Due to limitations in yard space (I have a pool in back yard so cannot use it to extend haunt), and homeowners' restrictions, I have to create a walk-through using only my front lawn. This definitely makes it harder to create an element of surprise. I created a path using green christmas rope lights, and the TOTs have to follow the path through the haunt. They always enjoy it, even though it is simple, and I get around 300 visitors. My nighttime video is just too hard to see, like most people's. So I shot at daytime so you could see the props. You'll just have to add the fog, lights and children screaming in your own mind.


----------



## Haunted Bayou (Feb 16, 2007)

That looks like a lot of fun. I wish I could see it at night.


----------



## Draik41895 (Oct 25, 2008)

thats great!i love the pirate song


----------



## RoxyBlue (Oct 6, 2008)

Outstanding! The sound track you put together is just amazing, the props are wonderful, and I LOVE your cat!


----------



## Just Whisper (Jan 19, 2009)

*Night time video*

Thanks all. If you truly want to suffer through it, I have a night version of this. It was filmed using a small spotlight though, as my camcorder sucketh at night recording. Also, my fog machines all crapped out (but one) early in the evening. Bad solution. AND (as if I needed more problems on Halloween night), I was having major electrical malfunctions all evening and did not get to record until after the TOTs had left. So it is pretty quiet in my yard. If you have watched the day version you will already have an idea what it's really suppose to look like.


----------



## pyro (Oct 7, 2006)

it all looks good JW--i like the wolf in the cage, i think ill steal that one,,, i mean borrow


----------



## Hauntiholik (May 17, 2006)

You've got a lot going on there! Great walk through.


----------



## Front Yard Fright (Dec 23, 2005)

Very very nice job!
I LOVE all the animations you have in your haunt!
Very cool!
.


----------



## Bone Dancer (Oct 7, 2005)

nicely done, can't decide what I like best, very good job.


----------



## ghost37 (Jul 30, 2008)

Great video and soundtrack and a lot of props. I love the wolf in the cage!


----------



## Don Givens (Dec 2, 2008)

You certainly have a lot going on there. Good job.


----------



## Spider Rider (Nov 8, 2006)

Nice, the kids must love it! I agree on the wolf in the cage. All of the animated creatures really make an impression.

Your kitty looks like one of ours, who also is very interested in all of the Halloween hulabaloo.


----------



## jdubbya (Nov 6, 2005)

That was really enjoyable! I loved the werewolf scene.
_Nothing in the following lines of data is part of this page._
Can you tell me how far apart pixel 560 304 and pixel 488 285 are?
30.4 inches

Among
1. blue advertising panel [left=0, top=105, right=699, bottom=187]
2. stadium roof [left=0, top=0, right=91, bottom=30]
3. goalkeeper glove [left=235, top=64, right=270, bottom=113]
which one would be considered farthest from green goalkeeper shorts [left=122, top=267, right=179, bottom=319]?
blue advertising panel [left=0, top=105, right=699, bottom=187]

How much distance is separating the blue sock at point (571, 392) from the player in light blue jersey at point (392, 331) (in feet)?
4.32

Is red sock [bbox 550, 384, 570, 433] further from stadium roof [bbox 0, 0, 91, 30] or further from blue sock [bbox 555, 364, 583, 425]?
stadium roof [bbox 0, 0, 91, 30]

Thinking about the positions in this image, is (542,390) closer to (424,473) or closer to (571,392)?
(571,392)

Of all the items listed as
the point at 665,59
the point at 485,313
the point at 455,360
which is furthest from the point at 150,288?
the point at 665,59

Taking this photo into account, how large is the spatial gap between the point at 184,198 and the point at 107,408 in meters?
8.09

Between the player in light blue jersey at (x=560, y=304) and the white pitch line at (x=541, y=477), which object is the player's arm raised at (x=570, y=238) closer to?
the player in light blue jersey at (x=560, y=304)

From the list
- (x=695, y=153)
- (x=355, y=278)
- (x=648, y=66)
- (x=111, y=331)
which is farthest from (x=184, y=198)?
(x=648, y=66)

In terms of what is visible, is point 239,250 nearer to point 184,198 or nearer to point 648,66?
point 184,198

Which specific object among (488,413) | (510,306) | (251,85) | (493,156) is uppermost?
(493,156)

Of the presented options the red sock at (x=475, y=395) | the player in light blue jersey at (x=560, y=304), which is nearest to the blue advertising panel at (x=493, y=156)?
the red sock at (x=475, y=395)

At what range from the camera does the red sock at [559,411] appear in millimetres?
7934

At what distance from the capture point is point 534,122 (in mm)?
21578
Ditto on all the variety of animation. Your TOT's have got to love coming to your place. Great job!


----------



## Bethene (Jan 19, 2008)

great haunt, just whisper, love all the animations,did you make all those them self ? Can't immagine what all you would do if your could do your back yard also!


----------



## Just Whisper (Jan 19, 2009)

Thanks everyone for the nice comments. Spider, I saw a pic of your kitty earlier and thought she looked a lot like mine. Very pretty. Bethene, nice to hear from you. I guess I would like to be able to spread my props out a little more so the TOTs aren't distracted by the last one and nearly miss the effect of the next one. I think I have figured out a way to use a small part of my back yard this year. I actually got the idea from something Pyro did that had nothing to do with this. LOL I think my TOTs all agreed with you guys, the wolves were the overwhelming favorite this year. Yes Bethene, I make all my own props.


----------